Song Meaning
The narrator’s vision is completely consumed by the memory of a loved one after their departure. The world outside becomes a blur, with the mind’s eye so fixated on the absent figure that external reality loses its distinctness. This internal landscape, governed by memory, renders the physical act of seeing almost secondary, a mere conduit for the dominant mental image.
The core tension lies in the paradox of seeing without truly perceiving. The narrator’s eye is physically functional, capable of registering sights from the grandest (mountain, sea) to the most minute (bird, flower), yet the mind’s interpretation is entirely skewed. This governing faculty, so consumed by the absent beloved, distorts everything, shaping even the most disparate images – the crow and the dove, the sweet and the deformed – into the beloved’s likeness.
The most striking craft element is the personification of the mind’s governing function as a partly blind entity. This faculty, which should “deliver” forms to the heart, is “partly blind” and “effectually is out.” It fails to hold onto what it catches, instead reshaping it. The lyrics brilliantly illustrate how intense memory can override sensory input, creating a subjective reality where the external world is merely a canvas for the internal obsession.

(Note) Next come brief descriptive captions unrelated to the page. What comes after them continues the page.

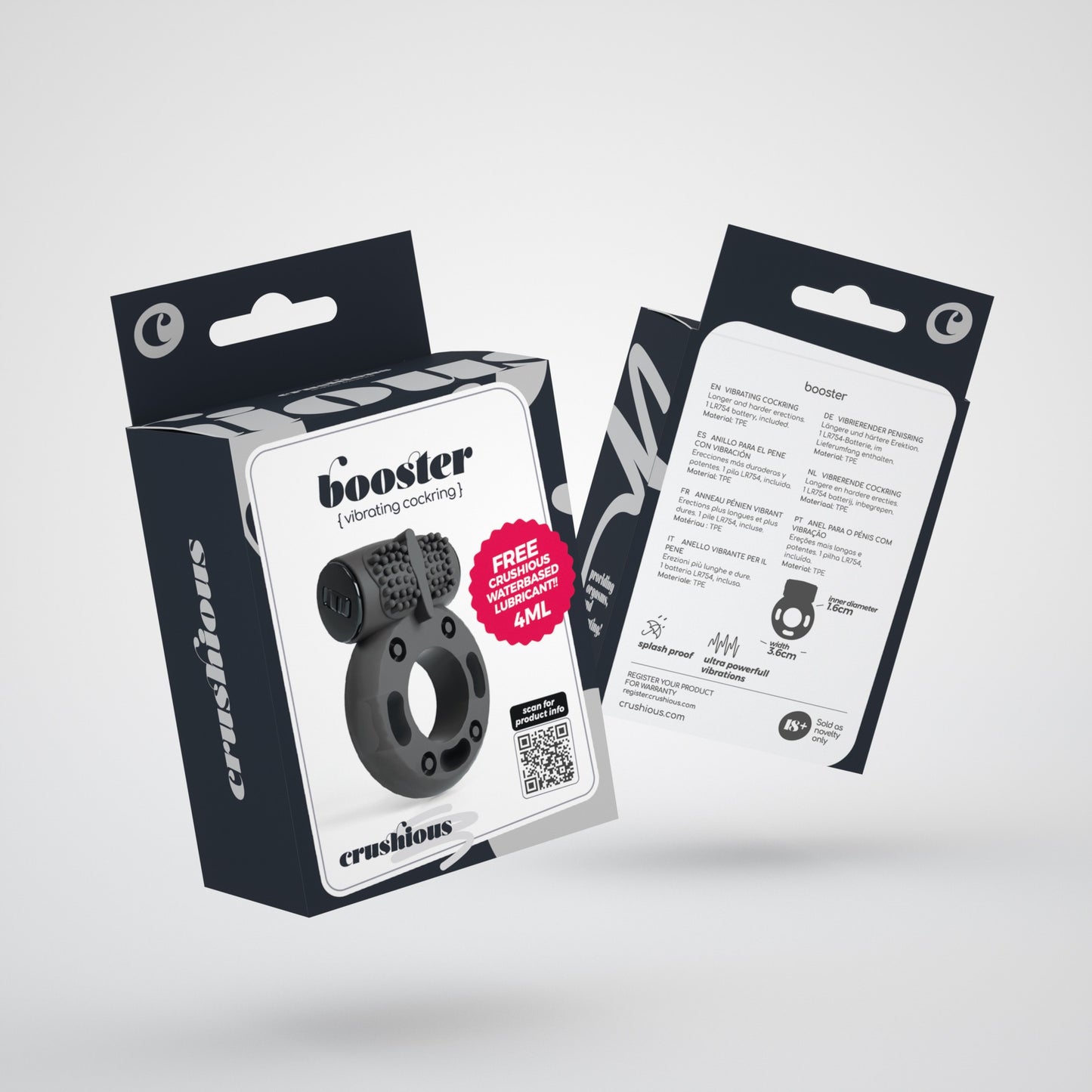 anello vibrante booster nero crushious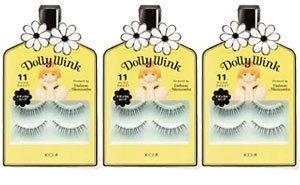 Dolly Wink Japan - Masuwaka wings produce Dolly Wink Eyelashes No.11 Pure suite 2DW3111 â˜… 3 Pack Set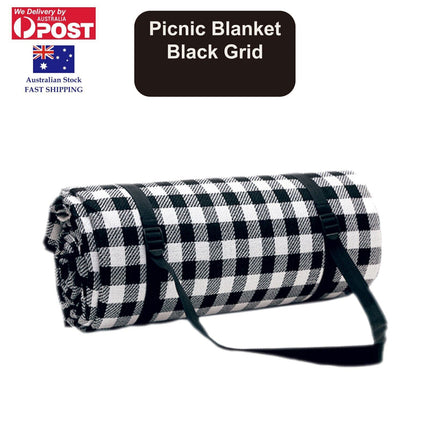 3m x 3m Large Picnic Blanket Mat Premium Cashmere Rug Waterproof Outdoor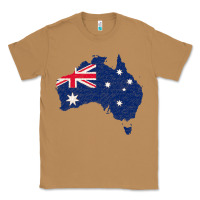 Toasted Coconut Australia Map Flag Drawing Line Art Classic Tee - linhVisuals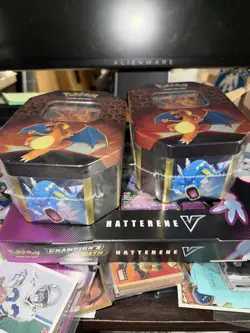 Pokemon TCG Hidden Fates Tin Charizard GX Factory Sealed only one tin - Image 2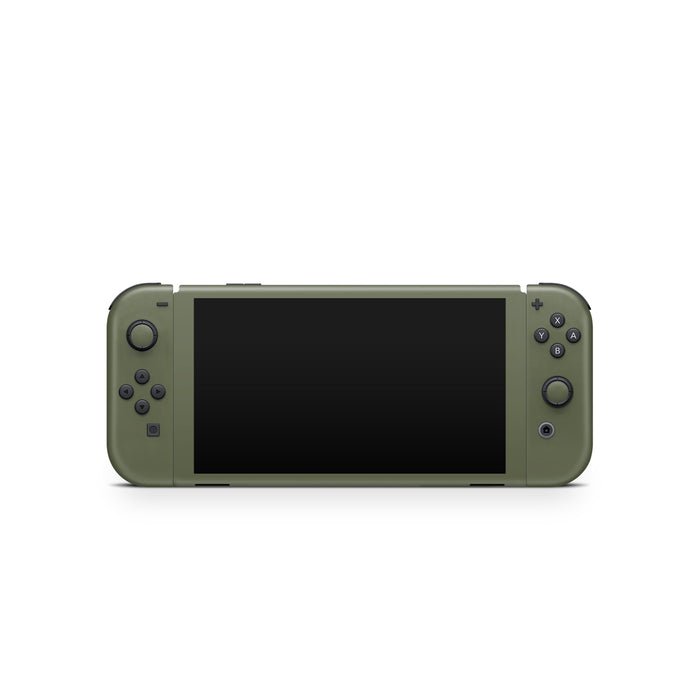 Solid State Olive Drab - Nintendo Switch Skin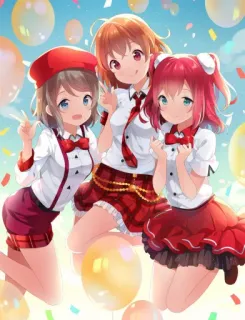 ❤️ Anime, Chicas, Linda, Amistad, Globos telegram sticker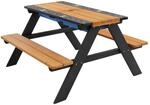ML-Design Kindersitzgarnitur Outdoor mit Spielwannen Naturbraun Holz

This writing is effective because it articulates a profound, almost overwhelming, state of longing through precise, albeit archaic, language. The narrator isn't just missing someone; their very perception of reality is fundamentally altered. The closing lines, "Incapable of more, replete with you / My most true mind thus makes mine eye untrue," perfectly encapsulate this all-consuming devotion, highlighting how the mind, in its fidelity to the absent beloved, actively deceives the eye.